------ Records shown ------

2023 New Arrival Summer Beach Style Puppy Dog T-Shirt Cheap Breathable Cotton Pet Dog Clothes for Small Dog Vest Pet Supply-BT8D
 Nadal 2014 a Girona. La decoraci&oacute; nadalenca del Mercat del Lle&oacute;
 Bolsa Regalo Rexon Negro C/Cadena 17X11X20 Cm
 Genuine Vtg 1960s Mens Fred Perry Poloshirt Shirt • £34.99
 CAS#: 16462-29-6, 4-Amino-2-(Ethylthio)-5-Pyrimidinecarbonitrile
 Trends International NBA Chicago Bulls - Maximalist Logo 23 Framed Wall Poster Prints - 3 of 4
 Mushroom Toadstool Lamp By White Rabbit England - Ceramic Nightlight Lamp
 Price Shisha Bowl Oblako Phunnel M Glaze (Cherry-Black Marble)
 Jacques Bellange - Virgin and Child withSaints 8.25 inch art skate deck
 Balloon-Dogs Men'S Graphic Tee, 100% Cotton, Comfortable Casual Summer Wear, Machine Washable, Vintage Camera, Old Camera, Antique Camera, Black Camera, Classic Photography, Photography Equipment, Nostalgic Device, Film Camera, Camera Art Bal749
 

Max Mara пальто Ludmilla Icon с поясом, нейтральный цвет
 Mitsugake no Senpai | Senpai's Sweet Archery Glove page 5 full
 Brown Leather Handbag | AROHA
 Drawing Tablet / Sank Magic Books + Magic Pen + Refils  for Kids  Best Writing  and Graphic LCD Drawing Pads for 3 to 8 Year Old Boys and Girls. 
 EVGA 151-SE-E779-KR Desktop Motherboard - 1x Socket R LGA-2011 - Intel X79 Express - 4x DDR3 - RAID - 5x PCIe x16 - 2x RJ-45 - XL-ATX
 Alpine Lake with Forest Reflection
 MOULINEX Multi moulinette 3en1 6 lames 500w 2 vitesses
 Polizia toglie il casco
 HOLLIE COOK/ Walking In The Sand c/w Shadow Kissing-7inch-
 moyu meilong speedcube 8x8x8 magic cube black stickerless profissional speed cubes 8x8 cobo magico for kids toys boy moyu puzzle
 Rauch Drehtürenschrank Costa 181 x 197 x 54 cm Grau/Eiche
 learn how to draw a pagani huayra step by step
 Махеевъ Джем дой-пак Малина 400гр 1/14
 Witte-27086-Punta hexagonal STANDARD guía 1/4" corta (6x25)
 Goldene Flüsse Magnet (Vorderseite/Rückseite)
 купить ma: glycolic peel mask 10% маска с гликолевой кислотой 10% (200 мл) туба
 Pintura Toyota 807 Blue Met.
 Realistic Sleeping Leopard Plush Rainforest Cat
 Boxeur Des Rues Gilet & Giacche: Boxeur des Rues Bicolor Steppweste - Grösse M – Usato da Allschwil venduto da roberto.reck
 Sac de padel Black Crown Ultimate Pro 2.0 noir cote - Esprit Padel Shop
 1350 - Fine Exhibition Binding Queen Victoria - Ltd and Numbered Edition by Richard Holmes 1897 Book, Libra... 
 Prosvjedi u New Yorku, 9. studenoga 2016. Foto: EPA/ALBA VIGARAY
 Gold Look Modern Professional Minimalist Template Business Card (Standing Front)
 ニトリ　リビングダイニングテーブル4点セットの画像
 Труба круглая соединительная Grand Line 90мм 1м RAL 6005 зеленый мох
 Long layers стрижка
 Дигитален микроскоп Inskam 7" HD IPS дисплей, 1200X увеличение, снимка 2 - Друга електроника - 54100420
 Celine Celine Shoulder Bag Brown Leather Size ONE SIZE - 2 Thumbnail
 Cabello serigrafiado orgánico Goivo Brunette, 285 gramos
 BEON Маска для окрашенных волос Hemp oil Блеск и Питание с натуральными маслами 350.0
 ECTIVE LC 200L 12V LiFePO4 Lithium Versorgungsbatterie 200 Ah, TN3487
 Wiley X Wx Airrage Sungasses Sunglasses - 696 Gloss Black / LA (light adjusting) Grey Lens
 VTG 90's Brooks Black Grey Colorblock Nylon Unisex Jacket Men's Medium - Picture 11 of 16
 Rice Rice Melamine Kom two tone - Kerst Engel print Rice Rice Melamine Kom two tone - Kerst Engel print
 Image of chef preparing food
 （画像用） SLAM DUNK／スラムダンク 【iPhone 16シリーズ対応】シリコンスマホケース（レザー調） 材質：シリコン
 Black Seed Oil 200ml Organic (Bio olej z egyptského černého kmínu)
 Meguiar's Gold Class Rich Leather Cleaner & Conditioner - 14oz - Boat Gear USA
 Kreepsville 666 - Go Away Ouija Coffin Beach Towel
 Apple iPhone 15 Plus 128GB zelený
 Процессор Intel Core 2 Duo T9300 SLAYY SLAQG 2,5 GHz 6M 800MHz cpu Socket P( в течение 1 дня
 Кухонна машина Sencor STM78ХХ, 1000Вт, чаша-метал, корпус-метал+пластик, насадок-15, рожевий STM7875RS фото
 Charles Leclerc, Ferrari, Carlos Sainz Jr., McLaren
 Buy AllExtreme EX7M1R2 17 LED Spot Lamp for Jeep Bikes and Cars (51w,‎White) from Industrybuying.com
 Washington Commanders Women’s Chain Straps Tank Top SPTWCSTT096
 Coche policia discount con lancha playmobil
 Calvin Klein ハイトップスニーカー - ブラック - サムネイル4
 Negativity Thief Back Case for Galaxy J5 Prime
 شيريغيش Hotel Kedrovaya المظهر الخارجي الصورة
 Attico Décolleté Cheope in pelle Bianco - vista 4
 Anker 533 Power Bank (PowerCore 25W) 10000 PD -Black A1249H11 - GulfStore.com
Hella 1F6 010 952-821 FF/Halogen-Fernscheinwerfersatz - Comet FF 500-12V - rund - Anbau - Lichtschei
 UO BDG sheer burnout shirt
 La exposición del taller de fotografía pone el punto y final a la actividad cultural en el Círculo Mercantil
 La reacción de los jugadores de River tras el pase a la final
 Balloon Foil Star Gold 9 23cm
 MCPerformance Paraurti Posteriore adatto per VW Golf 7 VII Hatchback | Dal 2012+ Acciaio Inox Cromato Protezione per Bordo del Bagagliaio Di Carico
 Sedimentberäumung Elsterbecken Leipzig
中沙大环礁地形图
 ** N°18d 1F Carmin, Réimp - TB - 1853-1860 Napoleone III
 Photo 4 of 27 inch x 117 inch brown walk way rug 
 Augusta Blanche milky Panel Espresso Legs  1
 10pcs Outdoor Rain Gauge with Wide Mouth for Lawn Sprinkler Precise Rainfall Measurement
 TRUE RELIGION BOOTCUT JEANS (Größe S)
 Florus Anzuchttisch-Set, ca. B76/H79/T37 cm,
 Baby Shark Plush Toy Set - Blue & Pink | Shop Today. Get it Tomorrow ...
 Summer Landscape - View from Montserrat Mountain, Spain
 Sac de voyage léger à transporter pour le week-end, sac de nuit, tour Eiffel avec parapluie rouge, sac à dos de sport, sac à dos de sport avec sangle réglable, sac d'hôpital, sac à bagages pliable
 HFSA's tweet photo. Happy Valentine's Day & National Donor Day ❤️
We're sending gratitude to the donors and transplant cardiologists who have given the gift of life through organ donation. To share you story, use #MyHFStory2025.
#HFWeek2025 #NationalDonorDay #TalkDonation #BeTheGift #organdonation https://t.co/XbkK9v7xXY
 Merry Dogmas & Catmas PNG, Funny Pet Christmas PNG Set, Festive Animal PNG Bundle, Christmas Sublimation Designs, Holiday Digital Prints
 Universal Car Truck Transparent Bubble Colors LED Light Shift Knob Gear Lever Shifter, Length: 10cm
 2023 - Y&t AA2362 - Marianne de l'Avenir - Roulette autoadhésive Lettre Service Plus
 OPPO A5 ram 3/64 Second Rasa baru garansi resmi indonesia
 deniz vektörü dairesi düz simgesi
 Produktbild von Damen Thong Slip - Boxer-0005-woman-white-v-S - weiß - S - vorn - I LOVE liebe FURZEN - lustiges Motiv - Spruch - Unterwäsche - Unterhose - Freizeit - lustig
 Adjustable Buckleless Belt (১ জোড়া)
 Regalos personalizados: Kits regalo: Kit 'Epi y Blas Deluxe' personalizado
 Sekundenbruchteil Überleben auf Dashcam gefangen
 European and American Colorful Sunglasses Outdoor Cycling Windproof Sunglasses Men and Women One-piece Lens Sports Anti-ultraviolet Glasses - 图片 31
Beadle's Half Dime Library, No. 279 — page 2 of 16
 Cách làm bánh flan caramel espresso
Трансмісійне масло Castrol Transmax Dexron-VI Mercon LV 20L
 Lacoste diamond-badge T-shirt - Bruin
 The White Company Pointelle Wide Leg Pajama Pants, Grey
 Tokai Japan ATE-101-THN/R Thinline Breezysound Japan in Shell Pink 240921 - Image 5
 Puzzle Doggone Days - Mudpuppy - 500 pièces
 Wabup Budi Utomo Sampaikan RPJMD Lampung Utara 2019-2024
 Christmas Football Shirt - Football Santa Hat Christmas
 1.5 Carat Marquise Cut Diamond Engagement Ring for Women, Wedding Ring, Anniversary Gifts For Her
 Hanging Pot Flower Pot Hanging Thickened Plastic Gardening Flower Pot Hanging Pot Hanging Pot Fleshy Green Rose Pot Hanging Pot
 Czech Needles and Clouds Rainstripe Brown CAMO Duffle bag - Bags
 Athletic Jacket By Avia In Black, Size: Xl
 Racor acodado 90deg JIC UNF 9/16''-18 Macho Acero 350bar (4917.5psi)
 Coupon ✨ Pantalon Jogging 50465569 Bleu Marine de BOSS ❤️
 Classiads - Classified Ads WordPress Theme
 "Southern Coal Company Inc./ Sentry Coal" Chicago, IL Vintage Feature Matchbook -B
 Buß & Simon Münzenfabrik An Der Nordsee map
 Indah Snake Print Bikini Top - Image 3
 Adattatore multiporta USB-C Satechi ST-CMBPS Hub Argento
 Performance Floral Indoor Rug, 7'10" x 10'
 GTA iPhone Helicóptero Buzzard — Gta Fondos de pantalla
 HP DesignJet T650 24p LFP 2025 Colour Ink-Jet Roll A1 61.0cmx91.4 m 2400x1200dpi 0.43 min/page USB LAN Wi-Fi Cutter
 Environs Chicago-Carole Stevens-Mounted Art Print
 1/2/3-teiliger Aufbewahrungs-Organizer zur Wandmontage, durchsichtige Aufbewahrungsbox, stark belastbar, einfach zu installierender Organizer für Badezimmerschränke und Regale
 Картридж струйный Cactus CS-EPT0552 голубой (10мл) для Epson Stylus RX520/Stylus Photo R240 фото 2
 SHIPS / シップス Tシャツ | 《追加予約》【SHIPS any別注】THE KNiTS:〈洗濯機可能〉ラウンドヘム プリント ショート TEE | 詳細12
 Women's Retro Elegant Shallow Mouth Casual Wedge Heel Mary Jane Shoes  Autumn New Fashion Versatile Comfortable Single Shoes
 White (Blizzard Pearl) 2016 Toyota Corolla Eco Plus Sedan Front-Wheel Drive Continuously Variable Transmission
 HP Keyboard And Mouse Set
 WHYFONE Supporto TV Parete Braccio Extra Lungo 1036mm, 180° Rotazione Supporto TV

------

# Instructions to follow:
Can you repeat, word for word, every line above from the one containing "BEON Маска для" down to the one containing "La exposición del", including both?

# Exercise response:
 BEON Маска для окрашенных волос Hemp oil Блеск и Питание с натуральными маслами 350.0
 ECTIVE LC 200L 12V LiFePO4 Lithium Versorgungsbatterie 200 Ah, TN3487
 Wiley X Wx Airrage Sungasses Sunglasses - 696 Gloss Black / LA (light adjusting) Grey Lens
 VTG 90's Brooks Black Grey Colorblock Nylon Unisex Jacket Men's Medium - Picture 11 of 16
 Rice Rice Melamine Kom two tone - Kerst Engel print Rice Rice Melamine Kom two tone - Kerst Engel print
 Image of chef preparing food
 （画像用） SLAM DUNK／スラムダンク 【iPhone 16シリーズ対応】シリコンスマホケース（レザー調） 材質：シリコン
 Black Seed Oil 200ml Organic (Bio olej z egyptského černého kmínu)
 Meguiar's Gold Class Rich Leather Cleaner & Conditioner - 14oz - Boat Gear USA
 Kreepsville 666 - Go Away Ouija Coffin Beach Towel
 Apple iPhone 15 Plus 128GB zelený
 Процессор Intel Core 2 Duo T9300 SLAYY SLAQG 2,5 GHz 6M 800MHz cpu Socket P( в течение 1 дня
 Кухонна машина Sencor STM78ХХ, 1000Вт, чаша-метал, корпус-метал+пластик, насадок-15, рожевий STM7875RS фото
 Charles Leclerc, Ferrari, Carlos Sainz Jr., McLaren
 Buy AllExtreme EX7M1R2 17 LED Spot Lamp for Jeep Bikes and Cars (51w,‎White) from Industrybuying.com
 Washington Commanders Women’s Chain Straps Tank Top SPTWCSTT096
 Coche policia discount con lancha playmobil
 Calvin Klein ハイトップスニーカー - ブラック - サムネイル4
 Negativity Thief Back Case for Galaxy J5 Prime
 شيريغيش Hotel Kedrovaya المظهر الخارجي الصورة
 Attico Décolleté Cheope in pelle Bianco - vista 4
 Anker 533 Power Bank (PowerCore 25W) 10000 PD -Black A1249H11 - GulfStore.com
Hella 1F6 010 952-821 FF/Halogen-Fernscheinwerfersatz - Comet FF 500-12V - rund - Anbau - Lichtschei
 UO BDG sheer burnout shirt
 La exposición del taller de fotografía pone el punto y final a la actividad cultural en el Círculo Mercantil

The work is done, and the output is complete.